Ideas to improve the nutritional offerings are in line with what UCSF already has been doing through the weekly Farmers Markets and through the medical center’s award-winning cafeteria where sustainable food is on the menu daily.
“We also saw strong opinions on eliminating sugary beverages and meat on campus,” says Hawkins, noting that aspects of those ideas are being investigated now.
A lot of good suggestions to boost environmentally sustainable practices were shared with Gail Lee, UCSF’s sustainability manager who is also taking a closer look at the 2025 game ideas. These will be distributed to the work groups of the UCSF Sustainability Steering Committee for future evaluation. This will continue to support efforts that already helped the UCSF Medical Center to be named one of the fifty Greenest Hospitals in America.
“Our goal is to digest these ideas and if we are not the right department to move them along, then we will share them with whoever we think would,” Hawkins says. “Campus Life Services will do whatever we can to help us improve the environment and do things that the campus community thinks will make UCSF a better place to work and learn.”
For Hawkins, the game provided a fun way to solicit feedback.
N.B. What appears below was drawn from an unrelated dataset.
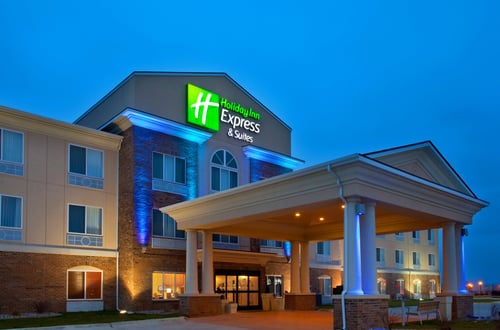 Stay with us at Holiday Inn Express & Suites Mattoon
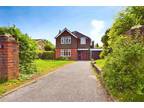 Clevedon Road, Tilehurst, Reading, Berkshire, RG31 4 bed detached house for sale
Campus Life Services regularly convenes focus groups and relies on several of its standing advisory committees to weigh in on topics including community centers, campus housing, transportation and family life to help identify gaps and guide services.
Hawkins, who actively encouraged participation among the CLS team in the game, is pleased that collectively her team finished third or fourth when UCSF2025 ended.
“As competitive as I am I thought it was very energizing,” Hawkins says. “It stimulated a lot of thinking through ideas and I enjoyed the whole method. I am not on social media so it initially took time to figure it out. Of course the younger generation went gangbusters.”